*Your objective*.
The answer should hold only the lines from the one containing "Measuring Weight. Hello" through the one containing "This is the" in the entries below, copied exactly, without pictures.

*Stored data*.
=-=-=-=-=

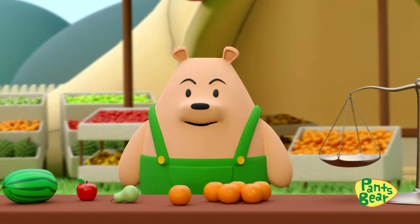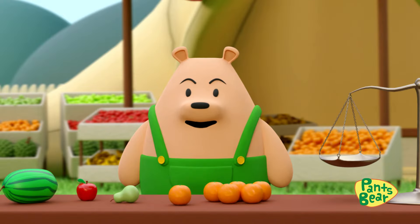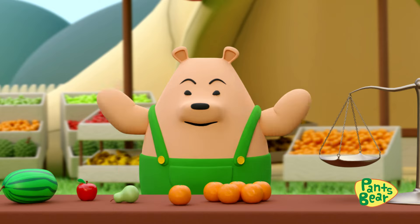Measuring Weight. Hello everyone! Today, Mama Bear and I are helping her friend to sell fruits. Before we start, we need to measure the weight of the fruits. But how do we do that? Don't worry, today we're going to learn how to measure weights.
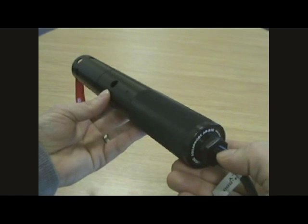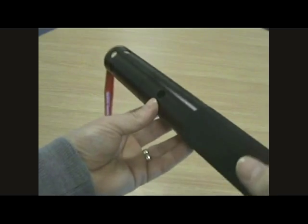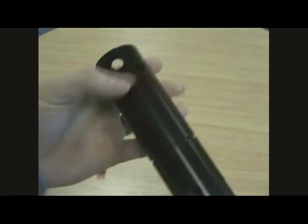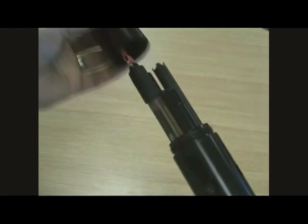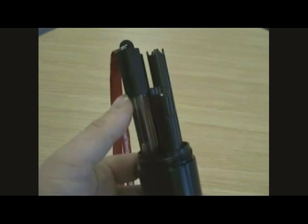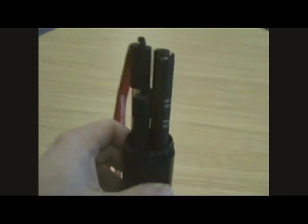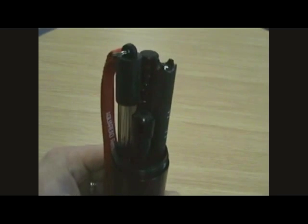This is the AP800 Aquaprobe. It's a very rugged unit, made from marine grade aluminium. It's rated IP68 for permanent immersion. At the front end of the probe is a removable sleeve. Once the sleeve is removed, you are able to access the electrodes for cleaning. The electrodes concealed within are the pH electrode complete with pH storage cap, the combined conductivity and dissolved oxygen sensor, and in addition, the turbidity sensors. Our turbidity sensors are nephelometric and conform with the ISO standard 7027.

=-=-=-=-=

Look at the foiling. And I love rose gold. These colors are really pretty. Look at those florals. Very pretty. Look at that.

=-=-=-=-=

*Reply*.
Measuring Weight. Hello everyone! Today, Mama Bear and I are helping her friend to sell fruits. Before we start, we need to measure the weight of the fruits. But how do we do that? Don't worry, today we're going to learn how to measure weights.
This is the AP800 Aquaprobe. It's a very rugged unit, made from marine grade aluminium. It's rated IP68 for permanent immersion. At the front end of the probe is a removable sleeve. Once the sleeve is removed, you are able to access the electrodes for cleaning. The electrodes concealed within are the pH electrode complete with pH storage cap, the combined conductivity and dissolved oxygen sensor, and in addition, the turbidity sensors. Our turbidity sensors are nephelometric and conform with the ISO standard 7027.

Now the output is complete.